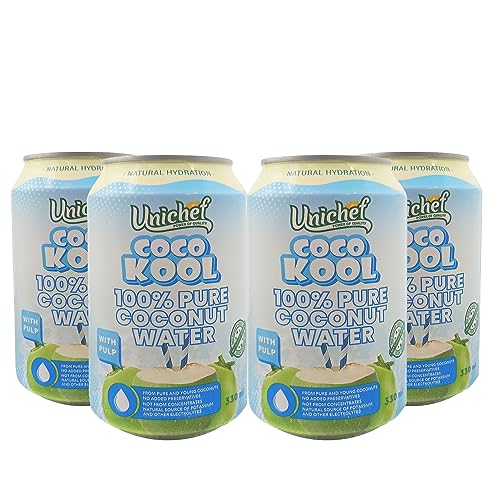 Unichef Coco Kool Pure Coconut Water with Pulp 330 ML (Pack of 4) SUGAR FREE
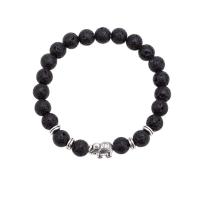 Gemstone Bracelets, Lava, with Tibetan Style, Round, silver color plated, fashion jewelry & Unisex, black, 8mm, Length:Approx 18 cm, Sold By PC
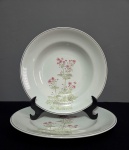 Conjunto de pratos de coleção, confeccionados em porcelana chinesa, na cor branca, decorado com flores multicoloridas  sendo um prato raso e um prato fundo. Med.: 21 e 28 cm.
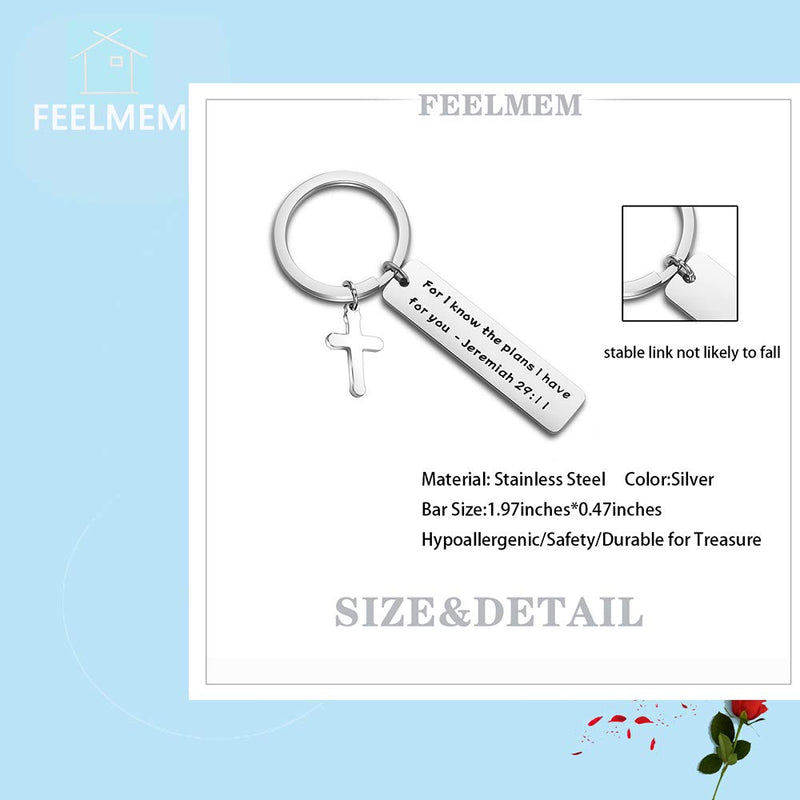 [Australia] - FEELMEM Religious Gifts Jeremiah 29:11 for I Know The Plans I Have for You Keychain Inspirational Christian Jewelry Quote silver 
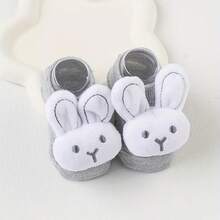 1 Paar süße Kaninchen-Themen Baby Socken, rutschfeste Bootsocken, weich, bequem, atmungsaktiv mit langem Ohr Design in verschiedenen Farben, geeignet für alle Jahreszeiten - Verschiedenfarbig - Übersicht 9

....

Nothing but the lines from the one containing "Conjunto de pratos" through the end of the listing should be printed, each exactly as it appears and without pictures.

Response:
 Conjunto de pratos de coleção, confeccionados em porcelana chinesa, na cor branca, decorado com flores multicoloridas  sendo um prato raso e um prato fundo. Med.: 21 e 28 cm.
 [Australia] - FEELMEM Religious Gifts Jeremiah 29:11 for I Know The Plans I Have for You Keychain Inspirational Christian Jewelry Quote silver 
 1 Paar süße Kaninchen-Themen Baby Socken, rutschfeste Bootsocken, weich, bequem, atmungsaktiv mit langem Ohr Design in verschiedenen Farben, geeignet für alle Jahreszeiten - Verschiedenfarbig - Übersicht 9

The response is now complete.